Saturday, September 26, 2009

I'm in Rochester!


Pattern for the sign of Luvaboos luvaboos.com

This weekend I am in Rochester working on the store.  A lot of progress is happening and even though there have been days of spinning my wheels in a non productive way, things are looking up.  All I know is that if I ever move out of Whitesboro NY I am moving where there is a Kinkos.  After a week of trying to get an enlargement of Heather's Logo  to use as a pattern that didn't cost my firstborn grandchild, we were able to get one done in about 10 minutes at Kinkos.

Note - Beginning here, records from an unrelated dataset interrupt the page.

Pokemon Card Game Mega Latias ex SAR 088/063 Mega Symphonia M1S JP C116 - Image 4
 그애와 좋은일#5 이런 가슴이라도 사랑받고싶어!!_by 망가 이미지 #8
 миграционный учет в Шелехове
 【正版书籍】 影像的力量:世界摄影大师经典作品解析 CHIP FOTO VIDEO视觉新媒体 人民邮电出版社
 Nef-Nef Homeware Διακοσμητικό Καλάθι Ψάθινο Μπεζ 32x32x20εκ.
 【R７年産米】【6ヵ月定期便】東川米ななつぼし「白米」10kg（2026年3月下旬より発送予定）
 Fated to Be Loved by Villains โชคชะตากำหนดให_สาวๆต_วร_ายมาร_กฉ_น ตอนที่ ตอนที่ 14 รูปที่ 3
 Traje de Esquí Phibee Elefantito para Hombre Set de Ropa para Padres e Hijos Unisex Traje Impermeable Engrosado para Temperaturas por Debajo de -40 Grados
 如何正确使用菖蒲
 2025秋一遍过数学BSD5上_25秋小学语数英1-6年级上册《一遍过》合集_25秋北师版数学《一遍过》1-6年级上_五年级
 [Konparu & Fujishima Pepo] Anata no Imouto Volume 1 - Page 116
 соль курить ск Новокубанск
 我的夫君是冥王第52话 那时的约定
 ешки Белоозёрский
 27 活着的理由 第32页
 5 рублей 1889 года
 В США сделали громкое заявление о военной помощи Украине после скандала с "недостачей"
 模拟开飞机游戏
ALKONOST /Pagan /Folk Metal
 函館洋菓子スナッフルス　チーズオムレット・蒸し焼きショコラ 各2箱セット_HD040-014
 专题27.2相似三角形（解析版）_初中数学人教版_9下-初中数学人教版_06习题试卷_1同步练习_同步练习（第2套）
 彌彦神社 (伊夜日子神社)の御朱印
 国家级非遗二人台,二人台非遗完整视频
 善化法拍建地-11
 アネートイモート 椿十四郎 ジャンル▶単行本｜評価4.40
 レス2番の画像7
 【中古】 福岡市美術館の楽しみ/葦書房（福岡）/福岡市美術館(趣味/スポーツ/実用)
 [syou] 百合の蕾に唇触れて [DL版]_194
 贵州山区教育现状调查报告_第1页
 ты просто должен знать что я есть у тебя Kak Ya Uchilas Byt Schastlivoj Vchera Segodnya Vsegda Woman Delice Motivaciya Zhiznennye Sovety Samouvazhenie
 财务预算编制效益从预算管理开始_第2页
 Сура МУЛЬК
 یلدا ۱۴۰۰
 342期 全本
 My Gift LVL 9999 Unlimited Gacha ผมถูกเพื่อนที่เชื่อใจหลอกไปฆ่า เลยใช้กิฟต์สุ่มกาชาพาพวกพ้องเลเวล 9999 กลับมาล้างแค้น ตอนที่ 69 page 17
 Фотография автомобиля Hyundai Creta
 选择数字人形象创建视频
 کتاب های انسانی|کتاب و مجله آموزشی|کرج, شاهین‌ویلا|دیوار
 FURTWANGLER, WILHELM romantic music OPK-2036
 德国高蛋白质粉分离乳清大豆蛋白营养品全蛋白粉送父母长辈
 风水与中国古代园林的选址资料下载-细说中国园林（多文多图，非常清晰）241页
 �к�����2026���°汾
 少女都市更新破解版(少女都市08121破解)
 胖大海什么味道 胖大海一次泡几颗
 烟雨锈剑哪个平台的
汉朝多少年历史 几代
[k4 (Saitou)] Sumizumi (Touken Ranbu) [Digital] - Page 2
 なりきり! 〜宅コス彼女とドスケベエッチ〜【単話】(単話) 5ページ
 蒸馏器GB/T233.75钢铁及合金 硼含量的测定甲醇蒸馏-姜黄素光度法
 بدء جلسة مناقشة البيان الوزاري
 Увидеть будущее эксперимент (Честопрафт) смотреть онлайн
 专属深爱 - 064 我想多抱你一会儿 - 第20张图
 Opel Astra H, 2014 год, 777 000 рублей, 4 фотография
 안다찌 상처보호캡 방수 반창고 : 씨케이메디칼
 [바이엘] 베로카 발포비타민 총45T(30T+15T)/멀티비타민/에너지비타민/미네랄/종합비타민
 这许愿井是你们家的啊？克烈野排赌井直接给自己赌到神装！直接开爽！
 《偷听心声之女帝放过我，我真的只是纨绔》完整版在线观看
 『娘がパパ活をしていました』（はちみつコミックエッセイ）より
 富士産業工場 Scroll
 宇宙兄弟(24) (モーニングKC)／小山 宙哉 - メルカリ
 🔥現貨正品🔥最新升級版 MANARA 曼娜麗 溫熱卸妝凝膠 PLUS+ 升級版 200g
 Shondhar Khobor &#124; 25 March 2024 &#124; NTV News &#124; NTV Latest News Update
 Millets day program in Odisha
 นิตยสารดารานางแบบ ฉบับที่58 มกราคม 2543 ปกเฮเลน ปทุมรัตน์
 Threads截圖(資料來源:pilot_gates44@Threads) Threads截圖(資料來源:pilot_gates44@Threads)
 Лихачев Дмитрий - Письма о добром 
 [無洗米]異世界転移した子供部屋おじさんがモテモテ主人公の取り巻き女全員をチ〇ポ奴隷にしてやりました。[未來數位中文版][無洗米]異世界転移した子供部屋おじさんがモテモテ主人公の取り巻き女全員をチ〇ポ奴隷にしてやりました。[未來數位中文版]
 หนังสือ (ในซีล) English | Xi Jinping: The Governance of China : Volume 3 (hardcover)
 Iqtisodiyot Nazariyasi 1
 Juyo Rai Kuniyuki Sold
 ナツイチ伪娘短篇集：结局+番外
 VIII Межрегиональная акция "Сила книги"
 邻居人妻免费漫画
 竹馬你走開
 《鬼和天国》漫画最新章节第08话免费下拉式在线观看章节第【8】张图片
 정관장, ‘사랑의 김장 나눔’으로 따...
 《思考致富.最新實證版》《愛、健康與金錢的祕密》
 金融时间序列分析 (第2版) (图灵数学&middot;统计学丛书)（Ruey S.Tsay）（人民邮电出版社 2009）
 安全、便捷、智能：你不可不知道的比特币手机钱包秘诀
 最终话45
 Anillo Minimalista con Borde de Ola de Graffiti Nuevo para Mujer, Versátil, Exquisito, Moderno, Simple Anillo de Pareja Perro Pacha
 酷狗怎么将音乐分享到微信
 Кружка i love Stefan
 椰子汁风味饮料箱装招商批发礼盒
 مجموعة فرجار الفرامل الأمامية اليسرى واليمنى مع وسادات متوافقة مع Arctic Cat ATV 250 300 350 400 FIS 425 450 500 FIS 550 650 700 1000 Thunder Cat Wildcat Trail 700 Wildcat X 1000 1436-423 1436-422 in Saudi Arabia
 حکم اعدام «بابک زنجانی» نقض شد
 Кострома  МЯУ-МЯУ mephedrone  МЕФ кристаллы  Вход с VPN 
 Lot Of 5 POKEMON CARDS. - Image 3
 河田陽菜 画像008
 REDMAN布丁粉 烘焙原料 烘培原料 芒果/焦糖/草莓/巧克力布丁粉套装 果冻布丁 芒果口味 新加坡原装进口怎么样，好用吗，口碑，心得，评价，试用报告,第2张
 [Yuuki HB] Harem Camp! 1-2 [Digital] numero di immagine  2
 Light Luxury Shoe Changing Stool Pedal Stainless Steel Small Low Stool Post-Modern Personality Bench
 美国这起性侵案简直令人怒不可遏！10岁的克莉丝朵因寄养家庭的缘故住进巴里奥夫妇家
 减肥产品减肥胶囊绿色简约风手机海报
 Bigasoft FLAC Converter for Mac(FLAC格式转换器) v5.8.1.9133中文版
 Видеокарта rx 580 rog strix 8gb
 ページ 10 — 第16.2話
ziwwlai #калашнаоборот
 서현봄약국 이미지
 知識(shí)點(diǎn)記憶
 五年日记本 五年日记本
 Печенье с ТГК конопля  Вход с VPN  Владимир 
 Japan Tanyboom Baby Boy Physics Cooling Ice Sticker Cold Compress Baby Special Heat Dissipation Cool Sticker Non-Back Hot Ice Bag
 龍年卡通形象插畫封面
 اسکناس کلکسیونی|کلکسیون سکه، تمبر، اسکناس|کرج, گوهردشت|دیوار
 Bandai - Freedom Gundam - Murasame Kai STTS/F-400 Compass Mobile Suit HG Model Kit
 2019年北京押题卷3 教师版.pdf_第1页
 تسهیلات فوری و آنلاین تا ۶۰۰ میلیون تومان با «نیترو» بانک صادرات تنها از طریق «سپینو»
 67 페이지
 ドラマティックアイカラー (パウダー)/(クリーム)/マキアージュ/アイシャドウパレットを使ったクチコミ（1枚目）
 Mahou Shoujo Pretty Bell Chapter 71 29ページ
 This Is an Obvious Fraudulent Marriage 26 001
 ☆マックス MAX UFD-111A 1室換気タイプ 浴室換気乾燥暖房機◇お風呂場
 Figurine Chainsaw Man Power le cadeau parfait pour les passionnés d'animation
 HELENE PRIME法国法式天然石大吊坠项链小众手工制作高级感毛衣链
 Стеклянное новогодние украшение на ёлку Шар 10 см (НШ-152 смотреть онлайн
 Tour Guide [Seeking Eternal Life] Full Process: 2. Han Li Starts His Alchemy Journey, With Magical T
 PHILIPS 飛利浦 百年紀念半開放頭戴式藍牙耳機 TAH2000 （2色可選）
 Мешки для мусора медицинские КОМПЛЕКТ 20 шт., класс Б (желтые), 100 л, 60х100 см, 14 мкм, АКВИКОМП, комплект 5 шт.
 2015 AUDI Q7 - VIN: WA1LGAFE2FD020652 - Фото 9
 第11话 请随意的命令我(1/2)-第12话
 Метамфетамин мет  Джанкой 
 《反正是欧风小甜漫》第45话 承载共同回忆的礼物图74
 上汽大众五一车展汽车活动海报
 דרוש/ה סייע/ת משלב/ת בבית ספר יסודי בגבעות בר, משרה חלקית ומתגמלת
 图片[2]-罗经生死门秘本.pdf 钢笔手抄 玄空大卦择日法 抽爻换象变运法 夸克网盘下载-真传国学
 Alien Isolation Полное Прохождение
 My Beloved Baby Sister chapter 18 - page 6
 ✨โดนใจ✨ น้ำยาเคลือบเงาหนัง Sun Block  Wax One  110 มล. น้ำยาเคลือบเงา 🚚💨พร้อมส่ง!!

Last week I did the mosaic that is on the front of the building.  Heather wanted an organic metro look.
Here it is in progress.  I used glass tile, stained glass, mirror, small pieces of copper, green marble, metal tiles, glass gems,  many cut to different sizes by me assistant Crystal.
Last weekend my son, Steve and his wife, Heather, Crystal, my assistant and friend, went there to install the mosaic and work inside the store.  Steve and Heather did some building in the windows and installed flooring in the windows as well as other carpentry work.  My son-in-law worked on repairing the tin ceiling and my daughter Heather (it is confusing; 2 Heathers)  took care of the grandsons, worked on her inventory and brought us 'Sticky Lips', which is amazing barbecue.   I took this picture at night in the rain.  Tomorrow I want to get a better picture, but I wanted you to see the copper trim we found under the old chipped paint.  Another hidden treasure.

Inside, the ceiling is done.  Topher, (my son-in-law) sprayed it after cleaning it (with help from my husband) with primer, rust blocking primer, and glossy white paint.  I rarely recommend white ceilings, but this ceiling with all its beautiful detail, screamed white to me.  White-white, which in my opinion is Behr ultra pure white, the whitest paint in a can that I know.  They also sprayed the brass chandeliers.
Today wall color was started.  Heather loves the colors of fall, so there is a burnt orange wall, a coffee bean brown wall, and a gorgeous green wall. 
Look at the ceiling against the wall...

The green wall is my baby.  I am doing a wrinkled silk finish on it.  Actually I use tissue paper to do this.  A special heavier tissue paper that I order.  It involves painting, applying the tissues and painting again, then the layers of glaze go on depending on the effect that is desired.  Here are pictures of the process so you can see why it is better for the owners to be gone when a complicated finish begins on a wall.  It can look rather scary to the person who is paying a good amount for you to put a 'mess' on their wall.
This is what it looks like as the paper is being applied.  Even though this is a heavier tissue than most it is still easily torn when wet so you have to be careful as you are applying it on the wall.  You can also vary the amount of wrinkle in the paper and one has to resist regularity so that it remains organic and natural looking.  There are variations where you can use regularity to your advantage also.  It depends on the look.  So this is the first step.  ( there are so many wonderful ways to do a tissue paper finish, dimensional stencils, patterns or words underneath, squares and rectangles, paint underneath, metallic glaze on top...)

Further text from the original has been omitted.